### Work order
Output the records exactly as they appear, with no pictures included.

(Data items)
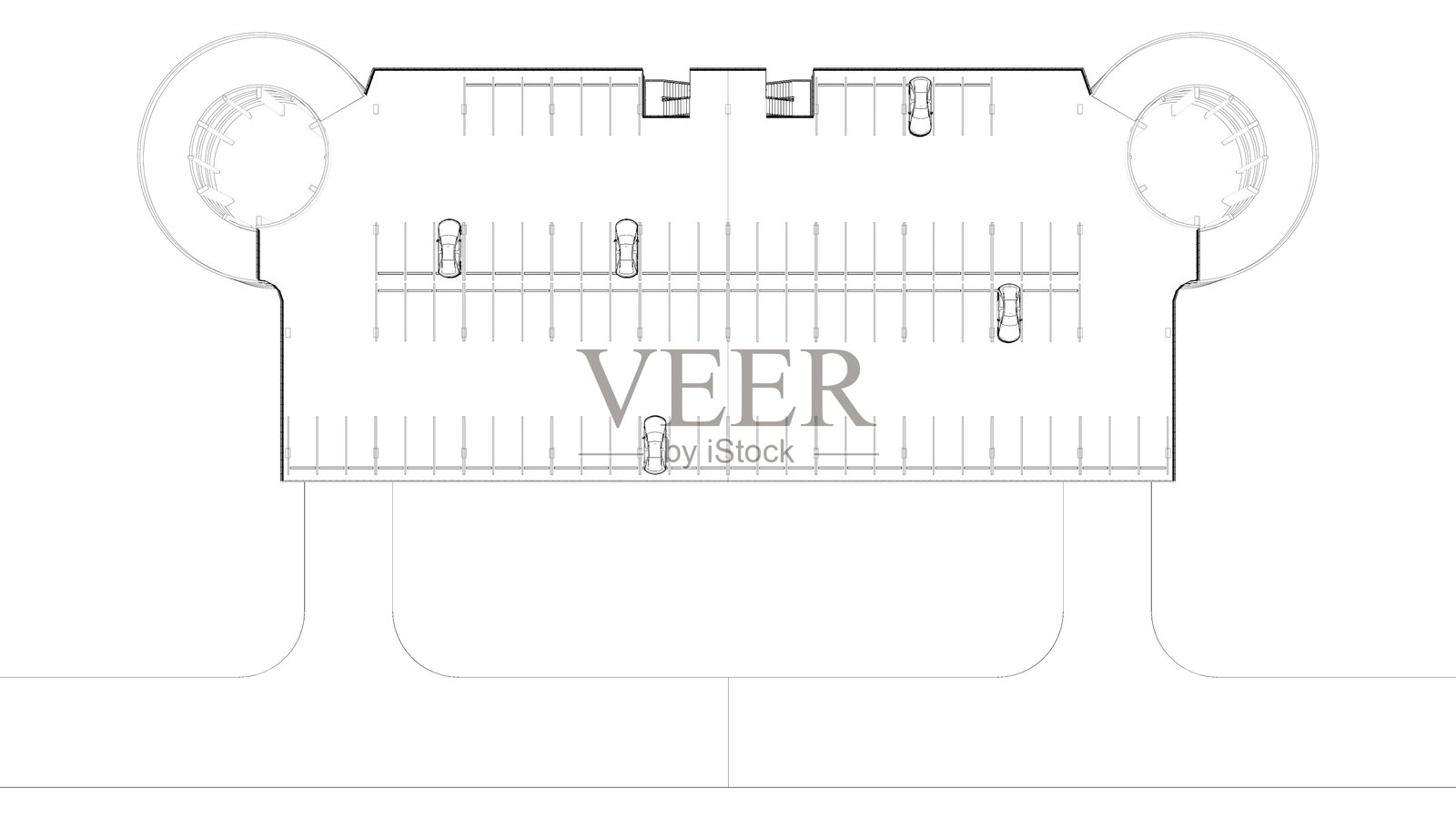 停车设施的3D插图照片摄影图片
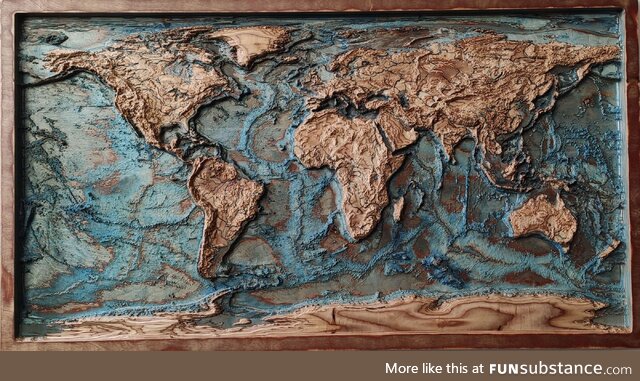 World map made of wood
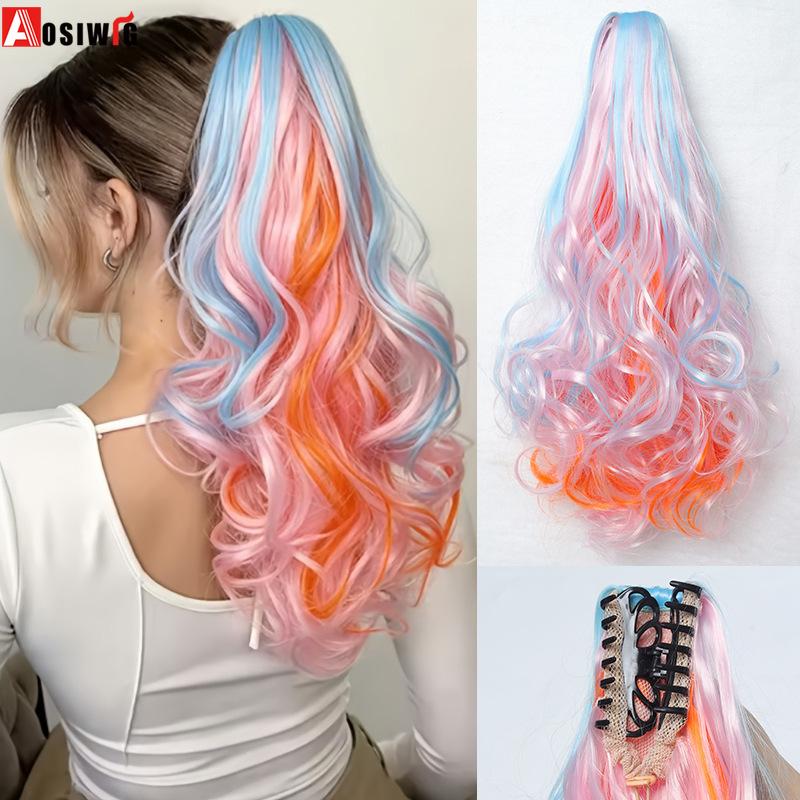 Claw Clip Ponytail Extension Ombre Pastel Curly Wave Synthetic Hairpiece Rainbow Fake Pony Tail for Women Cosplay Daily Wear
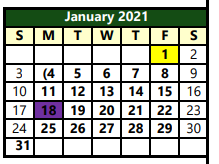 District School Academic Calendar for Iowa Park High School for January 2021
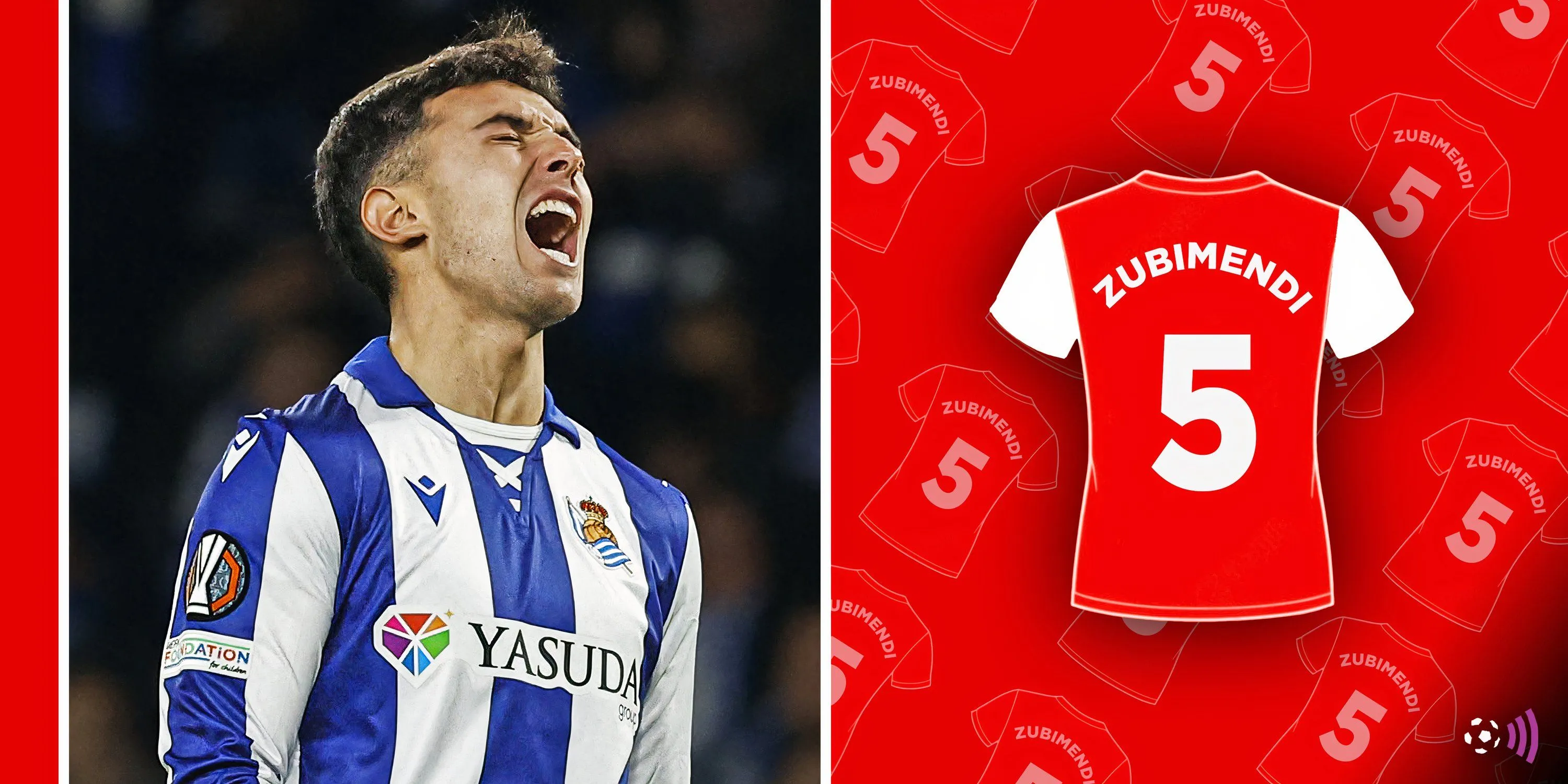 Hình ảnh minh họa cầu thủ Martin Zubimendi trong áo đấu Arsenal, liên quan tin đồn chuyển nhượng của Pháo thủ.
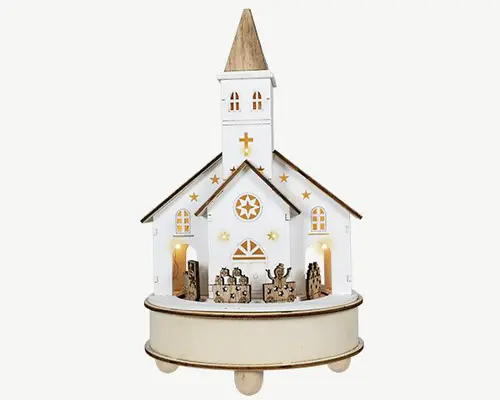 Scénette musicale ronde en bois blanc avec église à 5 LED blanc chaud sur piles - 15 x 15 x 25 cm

### Written response
 停车设施的3D插图照片摄影图片
 World map made of wood
 Claw Clip Ponytail Extension Ombre Pastel Curly Wave Synthetic Hairpiece Rainbow Fake Pony Tail for Women Cosplay Daily Wear
 District School Academic Calendar for Iowa Park High School for January 2021
 Hình ảnh minh họa cầu thủ Martin Zubimendi trong áo đấu Arsenal, liên quan tin đồn chuyển nhượng của Pháo thủ.
 Scénette musicale ronde en bois blanc avec église à 5 LED blanc chaud sur piles - 15 x 15 x 25 cm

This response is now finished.